▶ RECORDS SUPPLIED

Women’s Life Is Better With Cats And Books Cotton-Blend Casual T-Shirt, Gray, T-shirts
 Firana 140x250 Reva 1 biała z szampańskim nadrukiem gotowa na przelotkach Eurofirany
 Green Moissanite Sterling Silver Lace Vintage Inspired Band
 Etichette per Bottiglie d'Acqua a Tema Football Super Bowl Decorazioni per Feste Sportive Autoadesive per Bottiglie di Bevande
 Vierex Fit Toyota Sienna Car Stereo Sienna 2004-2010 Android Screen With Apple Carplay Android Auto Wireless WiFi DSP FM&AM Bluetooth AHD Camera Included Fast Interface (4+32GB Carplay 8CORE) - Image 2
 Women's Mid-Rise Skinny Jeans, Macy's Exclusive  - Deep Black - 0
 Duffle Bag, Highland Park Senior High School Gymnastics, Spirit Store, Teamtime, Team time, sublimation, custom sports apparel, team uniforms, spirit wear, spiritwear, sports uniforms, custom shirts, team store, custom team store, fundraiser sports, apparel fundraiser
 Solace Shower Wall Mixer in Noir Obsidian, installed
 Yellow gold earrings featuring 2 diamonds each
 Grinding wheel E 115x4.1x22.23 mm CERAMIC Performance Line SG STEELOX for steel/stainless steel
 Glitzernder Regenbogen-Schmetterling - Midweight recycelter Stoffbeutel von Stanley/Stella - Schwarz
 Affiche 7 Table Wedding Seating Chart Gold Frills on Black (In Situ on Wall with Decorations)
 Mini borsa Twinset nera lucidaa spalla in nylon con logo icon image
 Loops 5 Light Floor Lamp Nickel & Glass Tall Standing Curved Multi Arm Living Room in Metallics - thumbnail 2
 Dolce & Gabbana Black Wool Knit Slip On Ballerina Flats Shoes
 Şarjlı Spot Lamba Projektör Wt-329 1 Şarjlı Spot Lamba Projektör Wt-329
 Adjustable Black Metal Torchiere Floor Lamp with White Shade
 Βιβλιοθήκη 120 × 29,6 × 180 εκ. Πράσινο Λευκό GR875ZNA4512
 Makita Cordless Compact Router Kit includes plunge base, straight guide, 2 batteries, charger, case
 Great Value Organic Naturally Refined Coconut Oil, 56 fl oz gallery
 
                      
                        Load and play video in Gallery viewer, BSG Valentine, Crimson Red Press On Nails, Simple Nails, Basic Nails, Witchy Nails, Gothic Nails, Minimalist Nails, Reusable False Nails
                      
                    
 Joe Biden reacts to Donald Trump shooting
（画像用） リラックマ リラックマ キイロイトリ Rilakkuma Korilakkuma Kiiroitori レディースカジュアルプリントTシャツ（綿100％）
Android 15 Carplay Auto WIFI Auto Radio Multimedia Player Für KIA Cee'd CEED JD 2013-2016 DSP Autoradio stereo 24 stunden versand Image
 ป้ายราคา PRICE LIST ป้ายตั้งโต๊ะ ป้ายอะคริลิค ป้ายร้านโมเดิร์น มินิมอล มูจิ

▶ ABOUT THIS TASK
Exactly repeat the lines from the line that contains "Vierex Fit Toyota" to the end of the entries, both included, and leave out all other lines.

▶ EXERCISE ANSWER
 Vierex Fit Toyota Sienna Car Stereo Sienna 2004-2010 Android Screen With Apple Carplay Android Auto Wireless WiFi DSP FM&AM Bluetooth AHD Camera Included Fast Interface (4+32GB Carplay 8CORE) - Image 2
 Women's Mid-Rise Skinny Jeans, Macy's Exclusive  - Deep Black - 0
 Duffle Bag, Highland Park Senior High School Gymnastics, Spirit Store, Teamtime, Team time, sublimation, custom sports apparel, team uniforms, spirit wear, spiritwear, sports uniforms, custom shirts, team store, custom team store, fundraiser sports, apparel fundraiser
 Solace Shower Wall Mixer in Noir Obsidian, installed
 Yellow gold earrings featuring 2 diamonds each
 Grinding wheel E 115x4.1x22.23 mm CERAMIC Performance Line SG STEELOX for steel/stainless steel
 Glitzernder Regenbogen-Schmetterling - Midweight recycelter Stoffbeutel von Stanley/Stella - Schwarz
 Affiche 7 Table Wedding Seating Chart Gold Frills on Black (In Situ on Wall with Decorations)
 Mini borsa Twinset nera lucidaa spalla in nylon con logo icon image
 Loops 5 Light Floor Lamp Nickel & Glass Tall Standing Curved Multi Arm Living Room in Metallics - thumbnail 2
 Dolce & Gabbana Black Wool Knit Slip On Ballerina Flats Shoes
 Şarjlı Spot Lamba Projektör Wt-329 1 Şarjlı Spot Lamba Projektör Wt-329
 Adjustable Black Metal Torchiere Floor Lamp with White Shade
 Βιβλιοθήκη 120 × 29,6 × 180 εκ. Πράσινο Λευκό GR875ZNA4512
 Makita Cordless Compact Router Kit includes plunge base, straight guide, 2 batteries, charger, case
 Great Value Organic Naturally Refined Coconut Oil, 56 fl oz gallery
 
                      
                        Load and play video in Gallery viewer, BSG Valentine, Crimson Red Press On Nails, Simple Nails, Basic Nails, Witchy Nails, Gothic Nails, Minimalist Nails, Reusable False Nails
                      
                    
 Joe Biden reacts to Donald Trump shooting
（画像用） リラックマ リラックマ キイロイトリ Rilakkuma Korilakkuma Kiiroitori レディースカジュアルプリントTシャツ（綿100％）
Android 15 Carplay Auto WIFI Auto Radio Multimedia Player Für KIA Cee'd CEED JD 2013-2016 DSP Autoradio stereo 24 stunden versand Image
 ป้ายราคา PRICE LIST ป้ายตั้งโต๊ะ ป้ายอะคริลิค ป้ายร้านโมเดิร์น มินิมอล มูจิ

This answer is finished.